Nagram/TMessagesProj/jni/voip/webrtc/absl/random/internal/fastmath.h
2022-03-11 19:49:54 +03:00

58 lines
1.9 KiB
C++

// Copyright 2017 The Abseil Authors.
//
// Licensed under the Apache License, Version 2.0 (the "License");
// you may not use this file except in compliance with the License.

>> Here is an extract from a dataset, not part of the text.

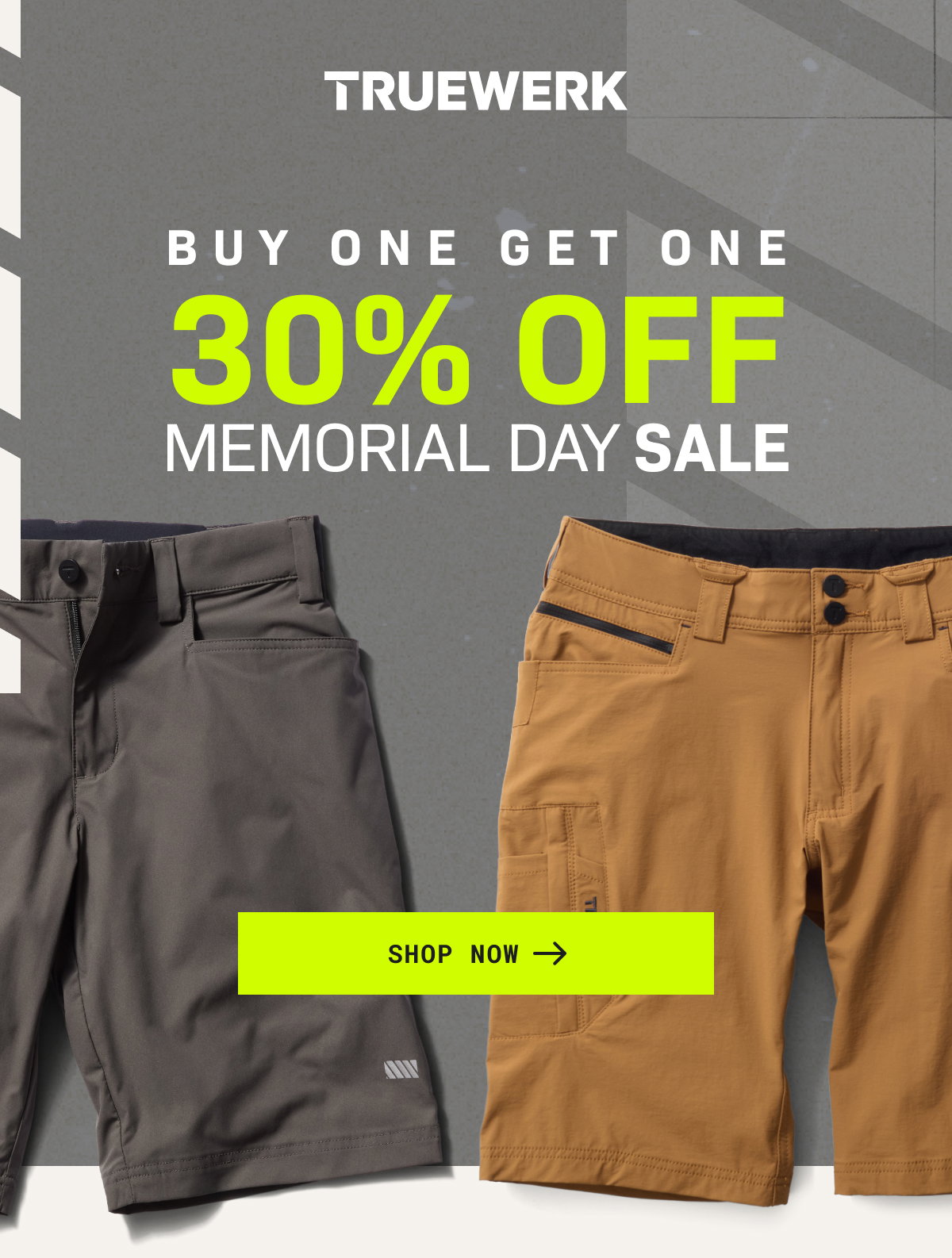 BUY ONE GET ONE  30% OFF—MEMORIAL DAY SALE— SHOP NOW →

// You may obtain a copy of the License at
//
// https://www.apache.org/licenses/LICENSE-2.0
//
// Unless required by applicable law or agreed to in writing, software
// distributed under the License is distributed on an "AS IS" BASIS,
// WITHOUT WARRANTIES OR CONDITIONS OF ANY KIND, either express or implied.
// See the License for the specific language governing permissions and
// limitations under the License.
#ifndef ABSL_RANDOM_INTERNAL_FASTMATH_H_
#define ABSL_RANDOM_INTERNAL_FASTMATH_H_
// This file contains fast math functions (bitwise ops as well as some others)
// which are implementation details of various absl random number distributions.
#include <cassert>
#include <cmath>
#include <cstdint>
#include "absl/numeric/bits.h"
namespace absl {
ABSL_NAMESPACE_BEGIN
namespace random_internal {
// Compute log2(n) using integer operations.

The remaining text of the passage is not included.